DATA SUPPLIED:
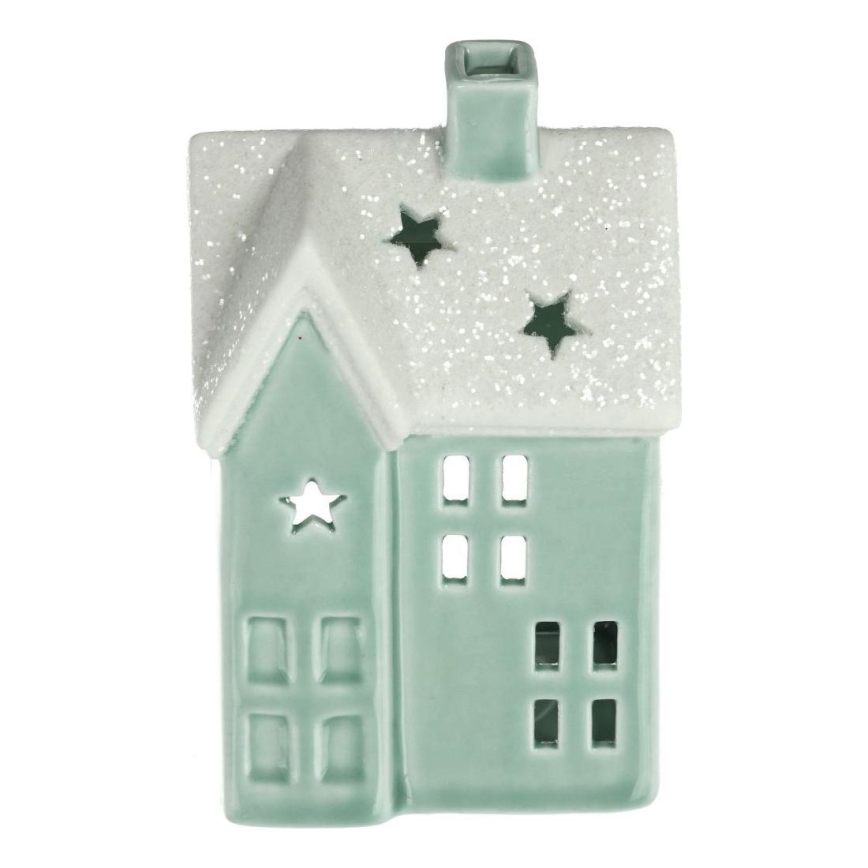Stearinlyshus porcelæn 11,1 cm mintgrøn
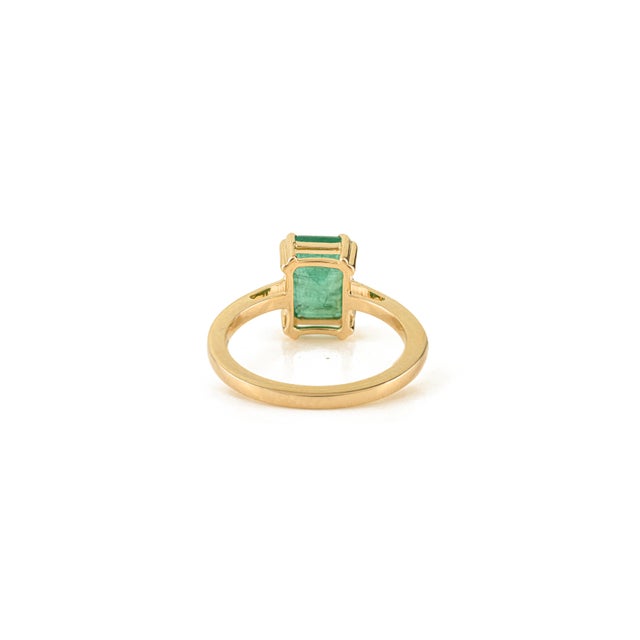 Double Prong Set Art Deco 2 Ct Emerald Engagement Ring Size 6.5 in 14k Solid Gold For Sale - Image 10 of 14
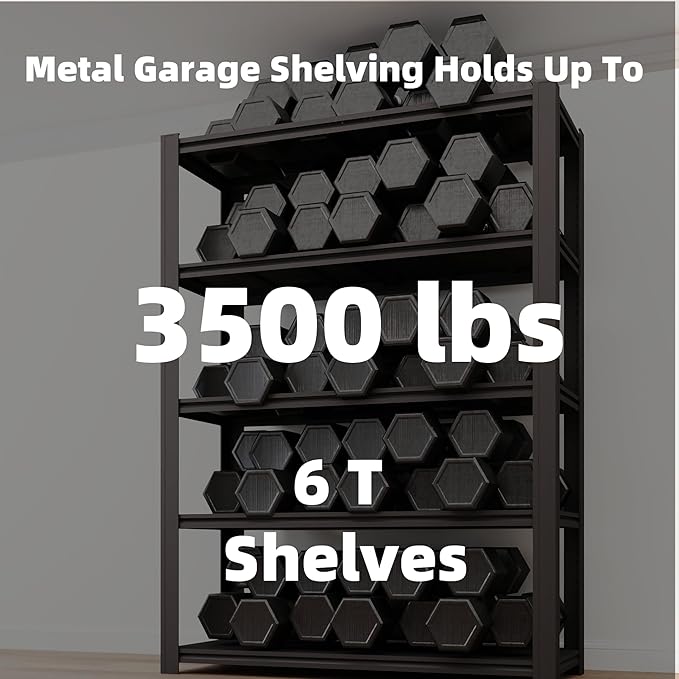 6-Tier 55" W x 24" D x 84" H Garage Shelving 3500LBS Storage Shelves Heavy Duty Metal Shelf Unit Adjustable Basement Industrial Storage Racks (6T-84 * 55 * 24)
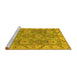 Sideview of Machine Washable Oriental Yellow Traditional Rug, wshabs1679yw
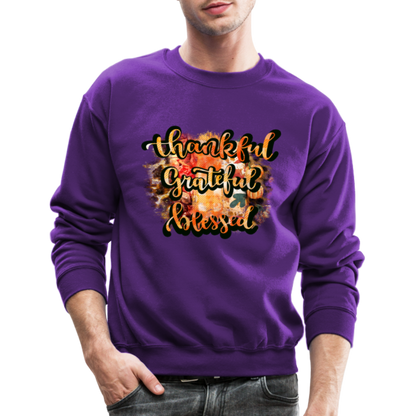 Thankful Grateful Blessed Sweatshirt - purple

WHAT YOU NEED TO DO: Output each entry exactly. Skip the pictures.

EXERCISE OUTPUT:
Stearinlyshus porcelæn 11,1 cm mintgrøn
 Double Prong Set Art Deco 2 Ct Emerald Engagement Ring Size 6.5 in 14k Solid Gold For Sale - Image 10 of 14
 6-Tier 55" W x 24" D x 84" H Garage Shelving 3500LBS Storage Shelves Heavy Duty Metal Shelf Unit Adjustable Basement Industrial Storage Racks (6T-84 * 55 * 24)
 Sideview of Machine Washable Oriental Yellow Traditional Rug, wshabs1679yw
 Thankful Grateful Blessed Sweatshirt - purple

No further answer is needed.